Posted by Xiangrui Meng <me...@gmail.com>.
If you have an m-by-n dataset and train a k-means model with k, the
cost for each iteration is

O(m * n * k) (assuming dense data)

Since m * n * k == n * m * k, so ideally you would expect the same run
time. However,

1. Communication. We need to broadcast current centers (m * k), do the
computation, and then collect the average centers from each partition
(m * k). Having a large n (#cols) will increase the communication
cost.

2. Load. How many partitions did you use? If there are 10k rows, maybe
the rows are distributed well. But if there are only 1000 rows, you
may have, for example, 400 rows on a single partition and then 200
rows on the other three.
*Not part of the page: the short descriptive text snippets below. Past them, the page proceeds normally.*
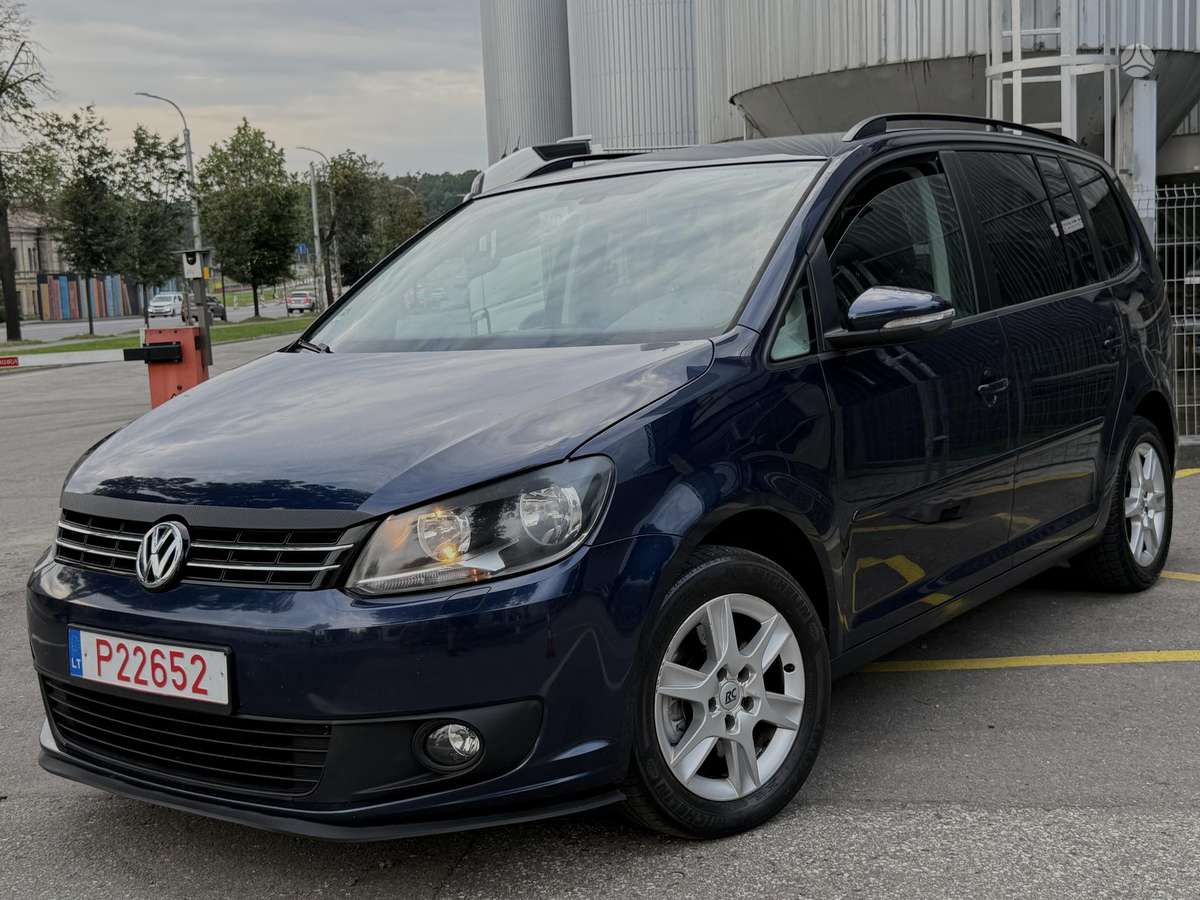 Volkswagen Touran - 5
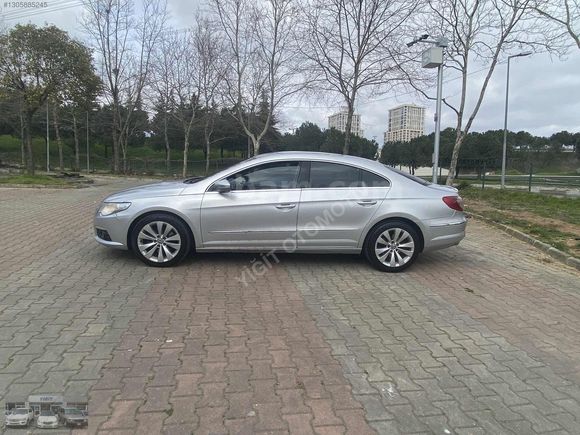 2012 MODEL PASSAT CC 2.0 TDI BMT DSG 140 HP
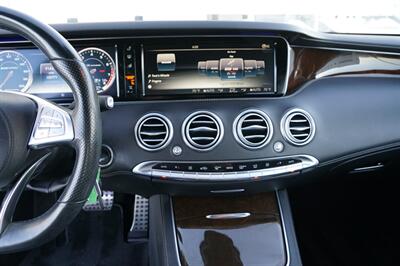 2016 Mercedes-Benz AMG S 63   - Photo 20 - Spanish Fork, UT 84660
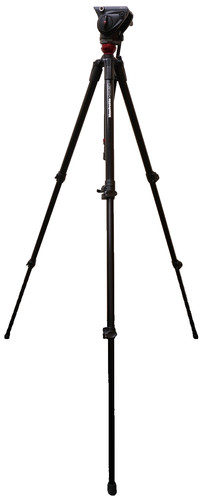 Treppiede manfrotto 755xb - treppiede,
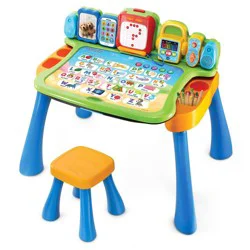 VTech Explore And Write Activity Desk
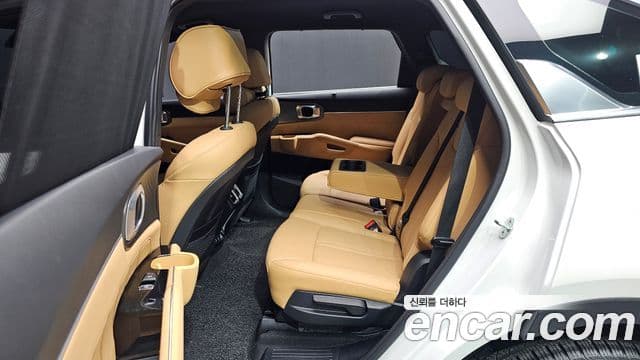 Kia Sorento 4세대 Noblesse, 2021 12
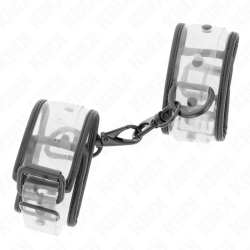 KINK MUNEQUERAS TRANSPARENTES AJUSTABLE 18 30 CM X 55 CM 2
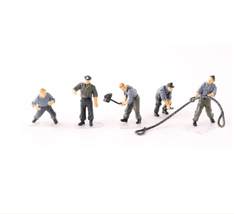 PRECISION MODEL ART (PMA) PMA P0407 - 1/72 GERMAN ENGINEERING CORPS (B)
... - $22.36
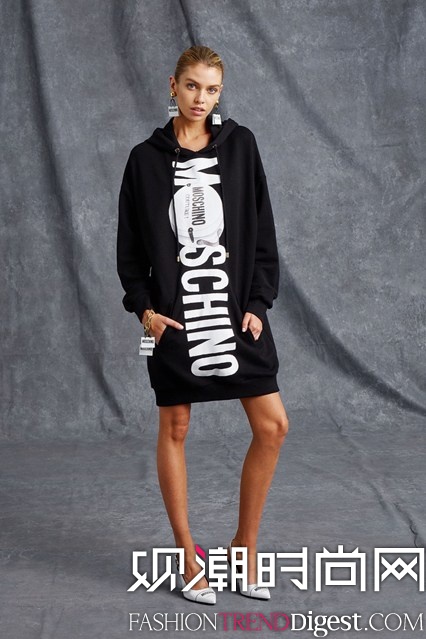 Moschino 2016紺ϵLookbookͼƬ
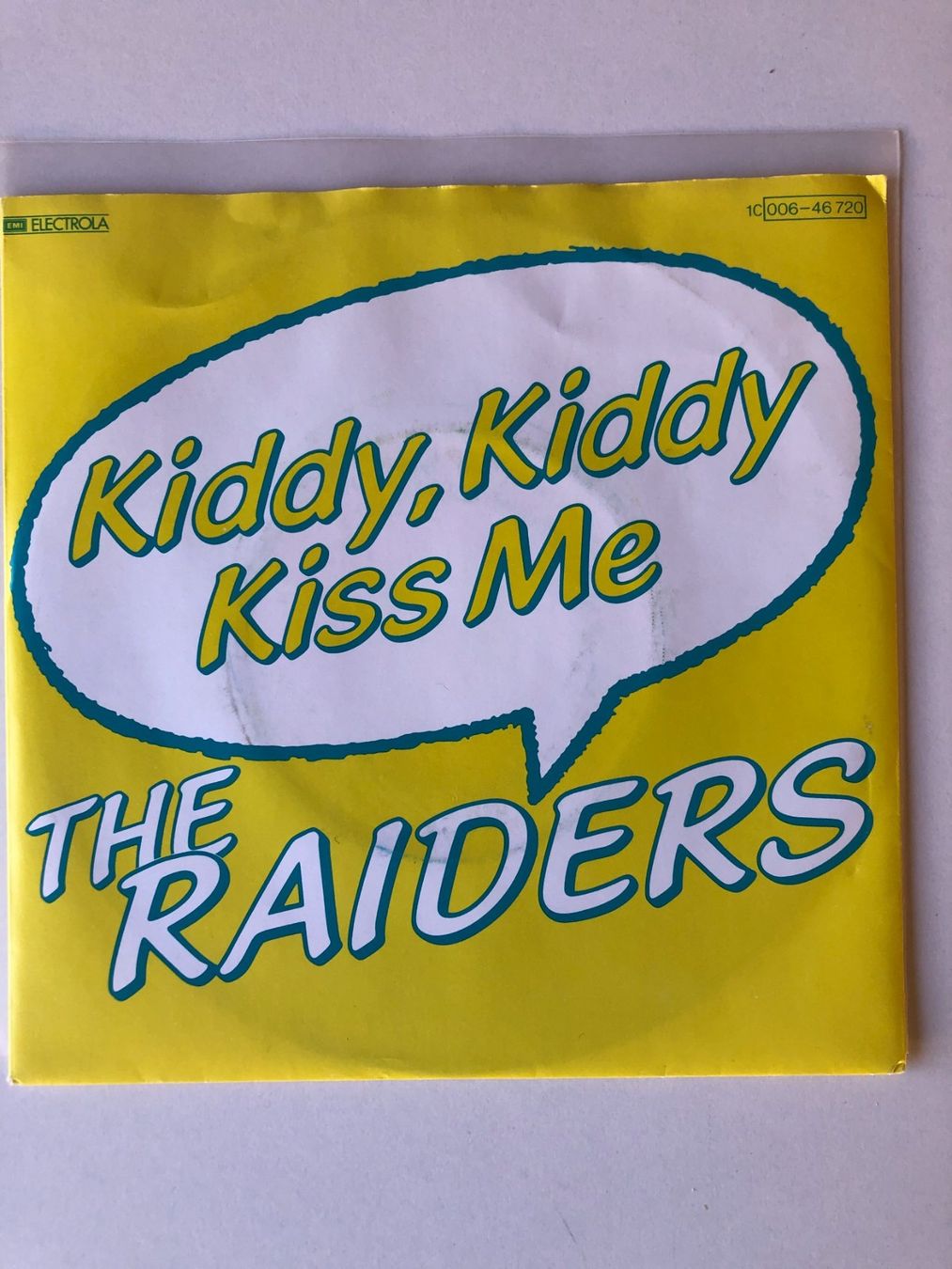 Dischi in vinile: The Raiders – Usato da Aarwangen venduto da Jukebox3 2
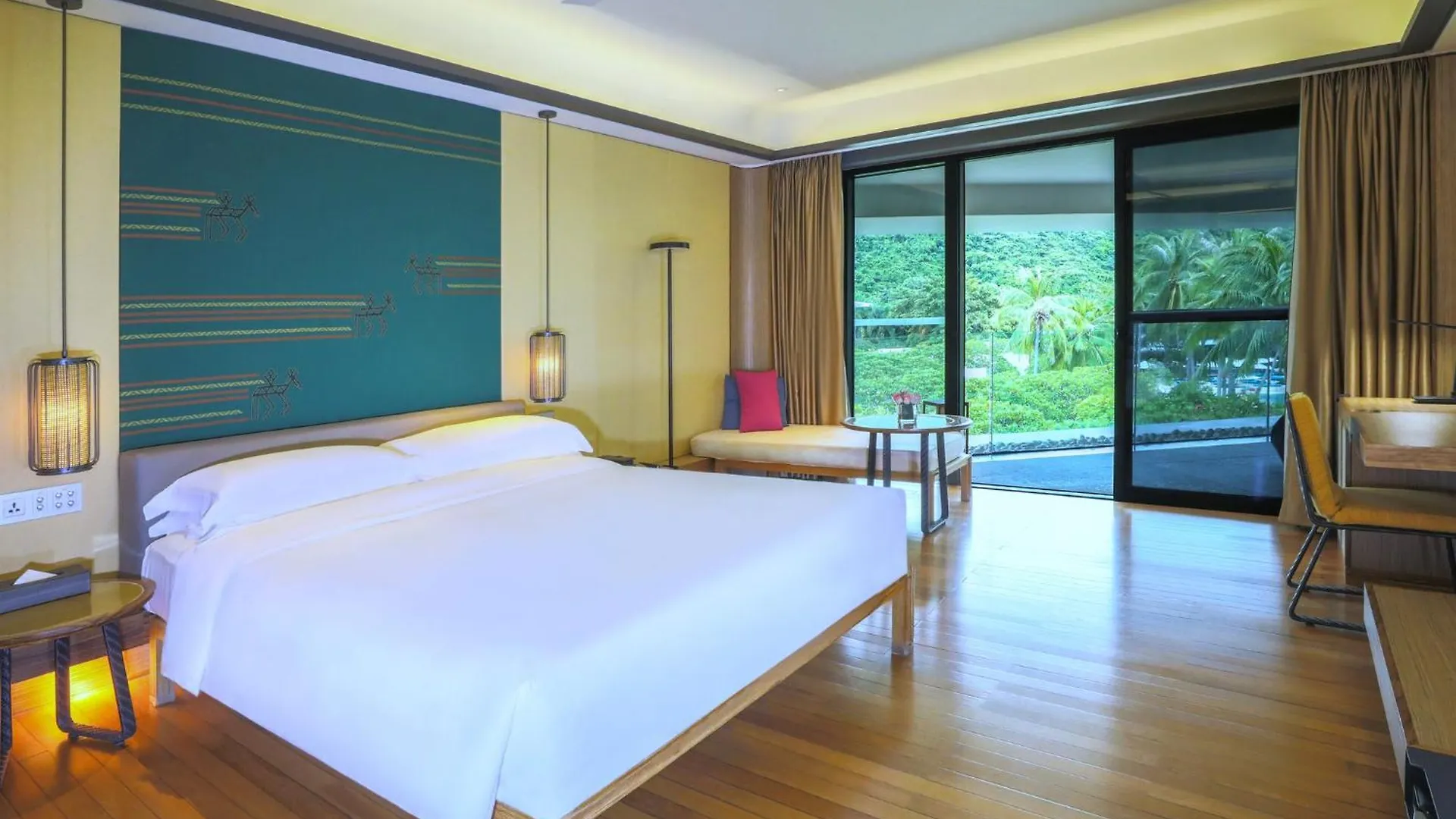 Intercontinental Sanya Resort By Ihg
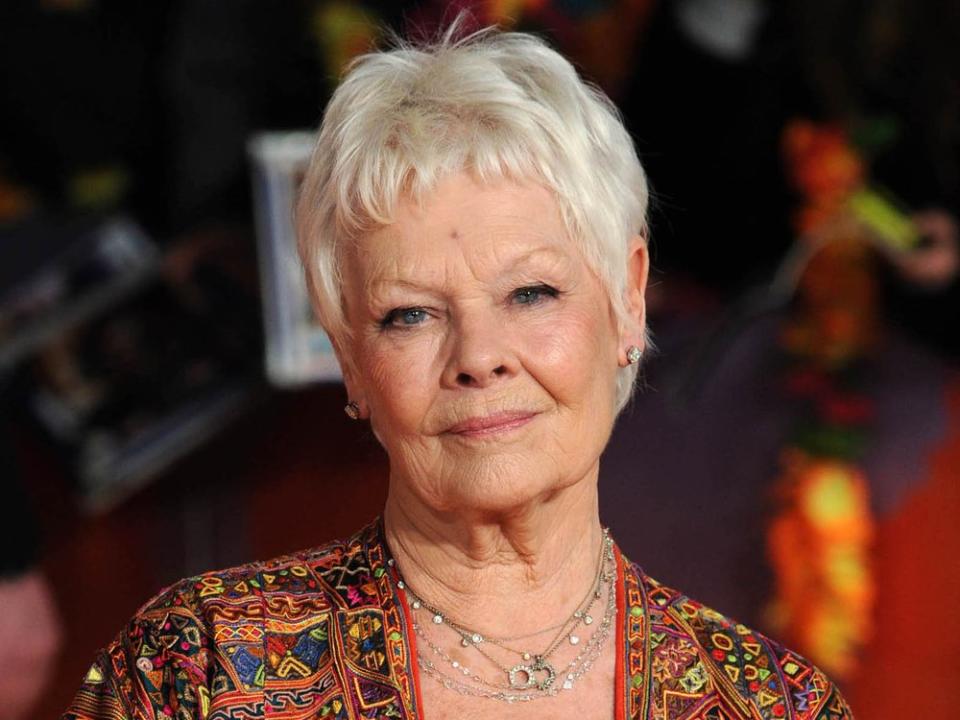 Judi Dench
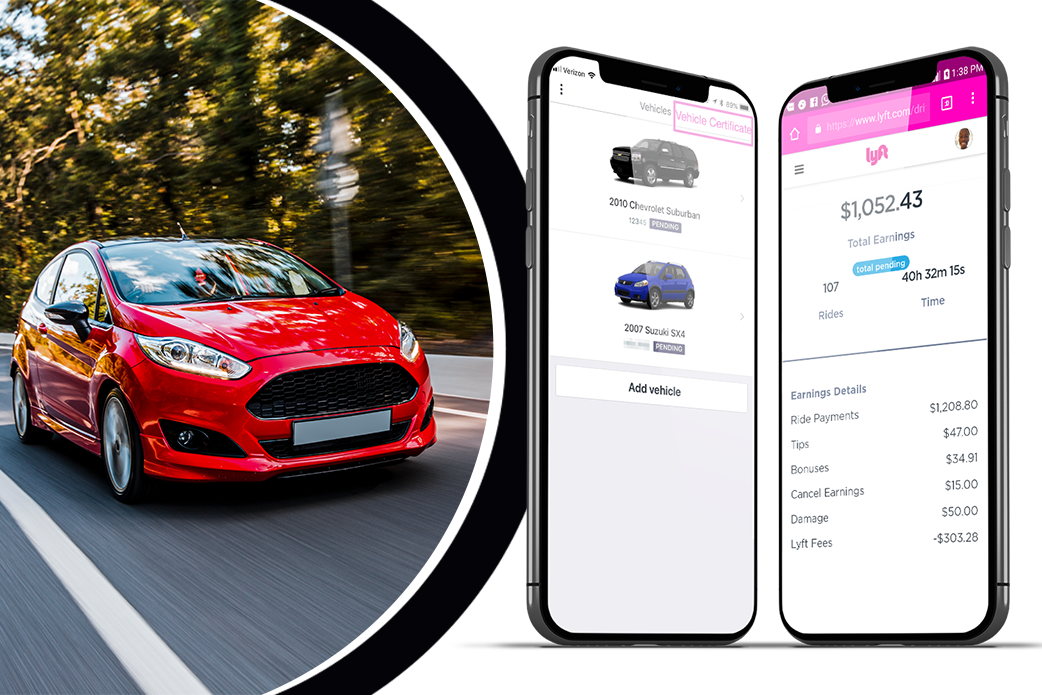 ride sharing app development cost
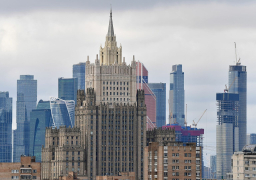 الخارجية الروسية: طرد الدبلوماسيين من اوروبا حملة مخطط لها مسبقا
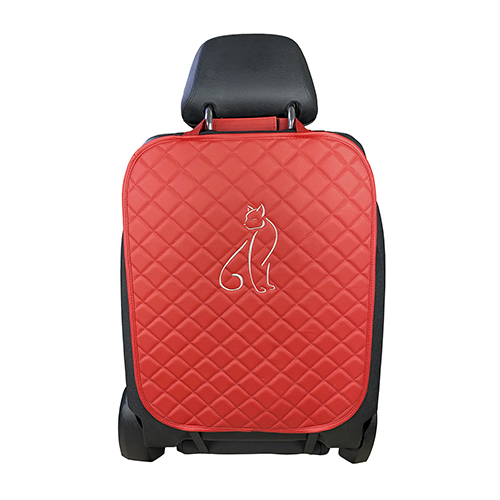 Защитные накидки Защитная накидка Кошка (Красная)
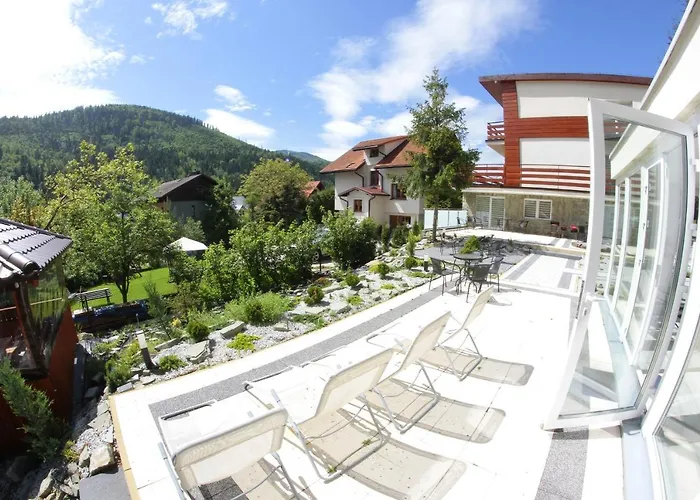 Skalite Wellness Apartment *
Then the run time is determined by the
largest partition size.

Hopefully these could explain your observation.

Best,
Xiangru

On Thu, Jul 24, 2014 at 2:30 PM, durin <ma...@simon-schaefer.net> wrote:
> As a source, I have a textfile with n rows that each contain m
> comma-separated integers.
> Each row is then converted into a feature vector with m features each.
>
> I've noticed, that given the same total filesize and number of features, a
> larger number of columns is much more expensive for training a KMeans model
> than a large number of rows.
>
> To give an example:
> 10k rows X 1k columns took 21 seconds on my cluster, whereas 1k rows X 10k
> colums took 1min47s. Both files had a size of 238M.
>
> Can someone explain what in the implementation of KMeans causes large
> vectors to be so much more expensive than having many of these vectors?
> A pointer to the exact part of the source would be fantastic, but even a
> general explanation would help me.
>
>
> Best regards,
> Simon
>
>
>
> --
> View this message in context: http://apache-spark-user-list.1001560.n3.nabble.com/KMeans-expensiveness-of-large-vectors-tp10614.html
> Sent from the Apache Spark User List mailing list archive at Nabble.com.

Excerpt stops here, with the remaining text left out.